The Net needs established market-research methodology.
Why do the e-commerce forecasts of research vendors vary so much? Some of the variance is a result of the different research methodologies used. Internet researchers rely on several techniques. Expert judgment is one approach to Internet forecasting. Another approach, customer surveys are likely to overestimate; research has shown that people are notoriously bad at predicting their own future behavior.
A more traditional market-research approach is time-series analysis, which extrapolates historical data to predict the future. However, forecasting the adoption of online shopping is difficult since historical data is sparse. Another method is causal forecasting, in which market data is used to produce a model.
Unsatisfied with available forecasts from the usual researchers, conducted my own study to forecast online shopping using a standard time series-based marketing methodology applied to U.S. Census data and survey data from Cyber Dialogue.
I found that Internet access is reaching a plateau in the U.S., which will slow the rate of e-commerce growth. Online consumer purchasing in the U.S. will grow about one-third over the next year or two and 20 percent for a year or two after that. This amounts to a 150 percent to 200 percent increase in online buyers within five years. While this is in line with Forrester Research's projected growth for the number of households participating in e-commerce, it's not consistent with estimates from the Gartner Group and other research firms.
Unfortunately, research companies generally do not expose their precise assumptions and specific methods to public scrutiny. They argue that competitive advantage depends on their methodologies being proprietary. But more openness would enable the media, investors and potential customers to evaluate whether their forecasts are produced in a reasonable manner.
Pioneering research firms made Internet estimates possible
The only real problem with Steckel's analysis is that it has arrived too late to help Wal-Mart decide how to deal with that upstart Jeff Bezos. By applying time-honored equations to the online shopping market, Steckel has accomplished what every good social scientist hopes for in a market forecast methodological rigor. Only with this kind of analysis can the growth of online retail be verified.
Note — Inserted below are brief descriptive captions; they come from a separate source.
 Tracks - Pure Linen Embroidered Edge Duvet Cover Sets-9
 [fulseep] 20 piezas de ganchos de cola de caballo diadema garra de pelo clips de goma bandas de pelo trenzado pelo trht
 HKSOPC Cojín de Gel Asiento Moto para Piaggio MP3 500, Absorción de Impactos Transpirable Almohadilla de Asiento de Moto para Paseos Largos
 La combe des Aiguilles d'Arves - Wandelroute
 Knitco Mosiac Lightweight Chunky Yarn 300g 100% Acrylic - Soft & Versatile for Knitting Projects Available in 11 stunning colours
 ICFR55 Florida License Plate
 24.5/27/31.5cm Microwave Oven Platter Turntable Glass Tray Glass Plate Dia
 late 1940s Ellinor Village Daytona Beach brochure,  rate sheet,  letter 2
But analysis like his is impossible to conduct until several years worth of data reveal trends that can be relied on for forecasting. Without those data points, the equations produce nothing - high lighting why firms like Forrester Research, IDC, Jupiter Communications and others are necessary.
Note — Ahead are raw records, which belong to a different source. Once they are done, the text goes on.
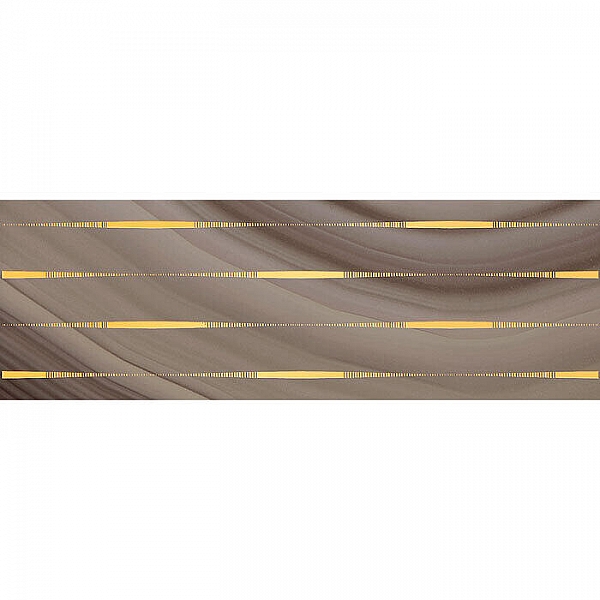 Декор Laparet Agat Lines VTB4060081 200*600 мм кофейный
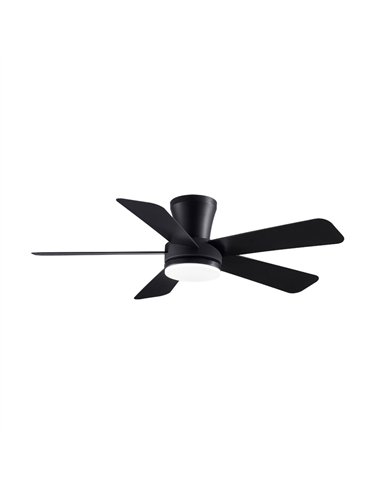 Ventilador LED Benda 5 Negro 28W 2800Lm CCT Dim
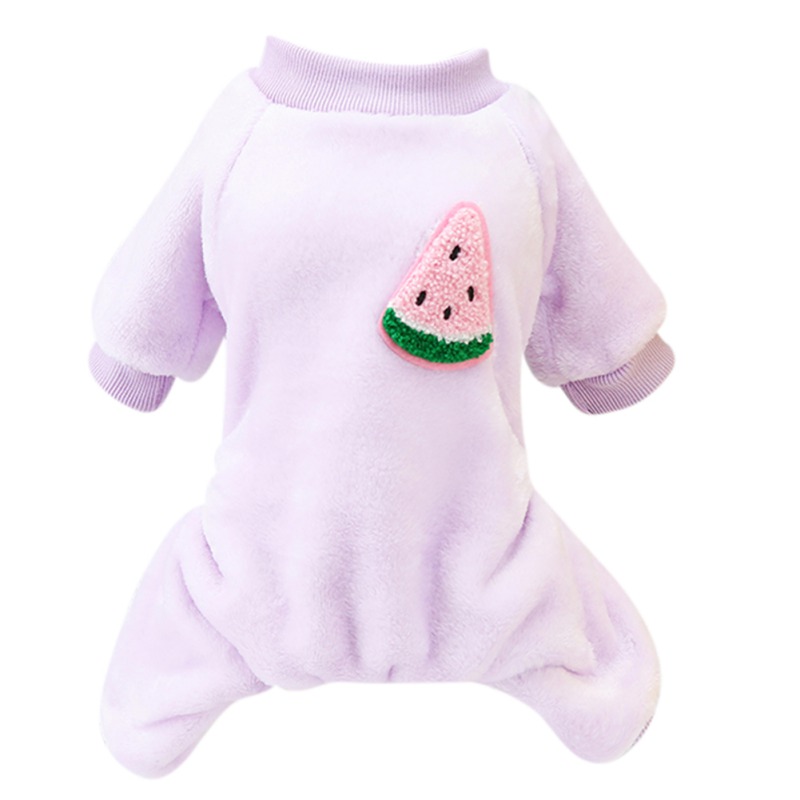 Cute Fruit Pet Dog Jumpsuit Pajama for Small Dogs Shih Tzu Yorkshire Terrier Pajamas Overalls Puppy Cat Clothes Clothing alx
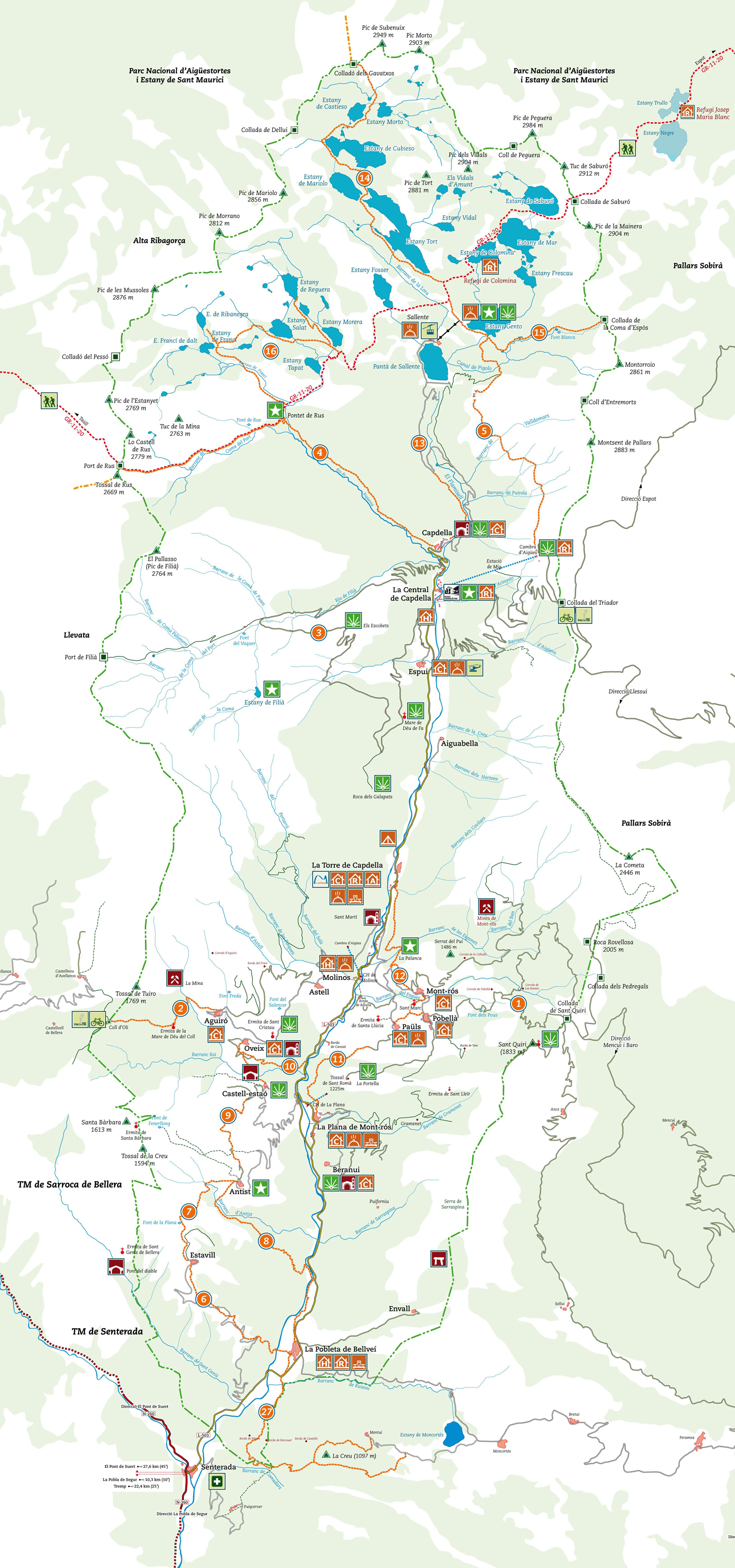 Mapa Vall Fosca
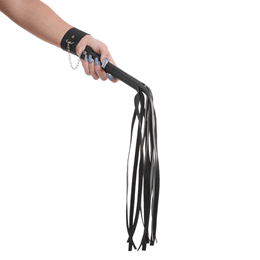 Chicote com Bracelete e Tiras em Couro Sintético - Sexy Fantasy Linha Sado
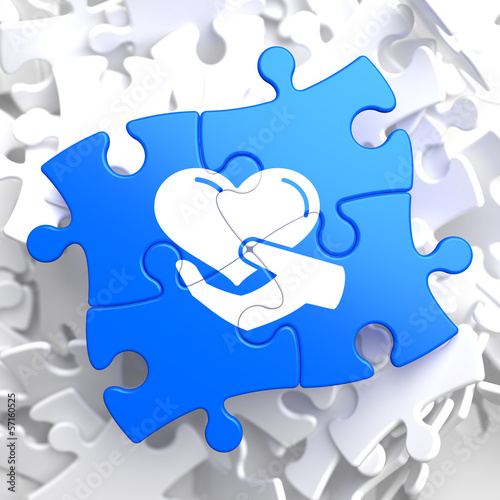 Illustration: Puzzle Pieces: Charity Concept. Puzzle Pieces: Charity Concept.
This is the domain of the strategy analyst - part statistician, part strategy bloodhound, part gossip. We lurk between equations, identifying assumptions and creating models to fill in the gaps that data can't provide, and then stake our reputations on the results we build.
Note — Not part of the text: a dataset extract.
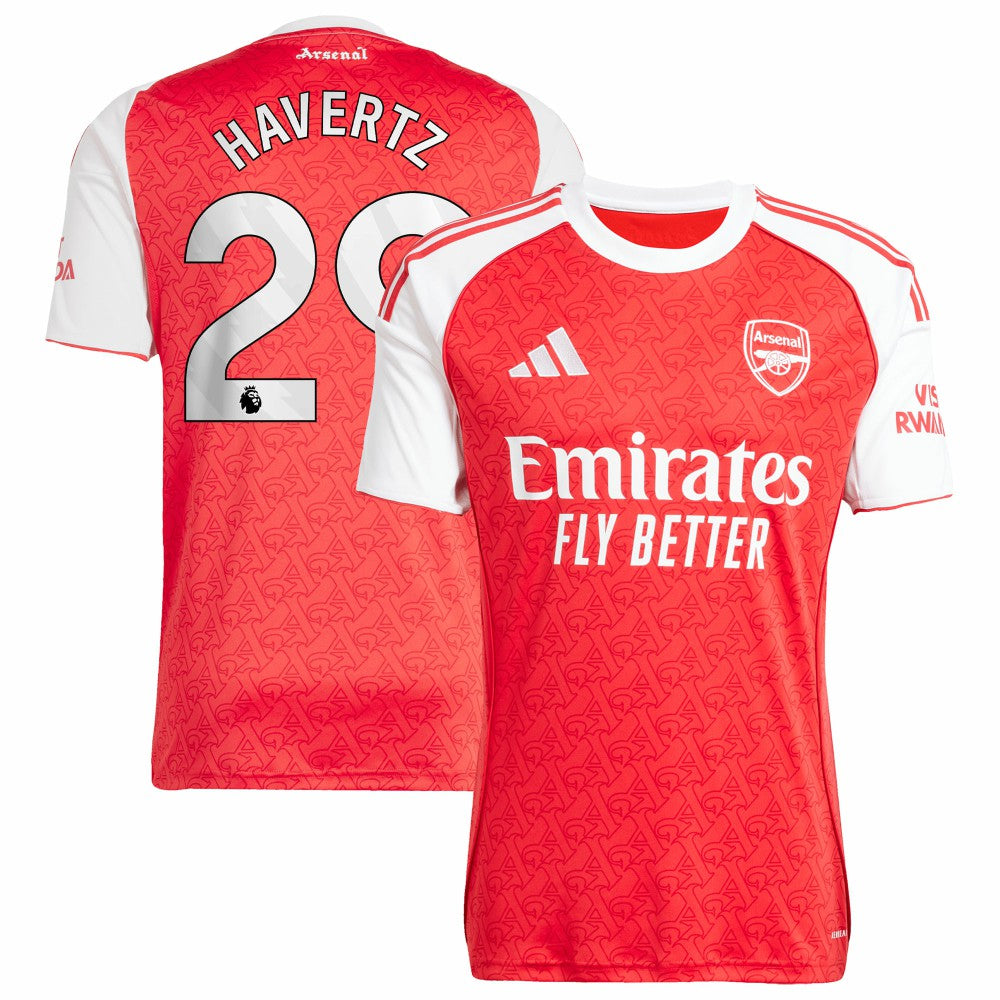 Kai Havertz Arsenal 2025/26 Home Replica Player Jersey Red | Adidas cheap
I first forecasted the growth of online retail in the fall of 1998 after speaking with 100 online retailers and spending a month analyzing spreadsheets. The only thing more exciting than the fact that the model still largely stands two years later (although it has been enhanced to reflect new data points), is that to build the model, we crystallized insights into the market that are nearly identical to the takeaways Steckel offers at the conclusion of his research.
That means Forrester clients had a two year strategic lead over those who would have waited until the "numbers were in" to perform the more rigorous statistical analysis. That's a lead worth paying for - as long as the analysis is meticulous and the analysts produce high-quality insights. And that's the challenge all analyst types fade as they turn their attention to the next big quantifiable: the wireless Web.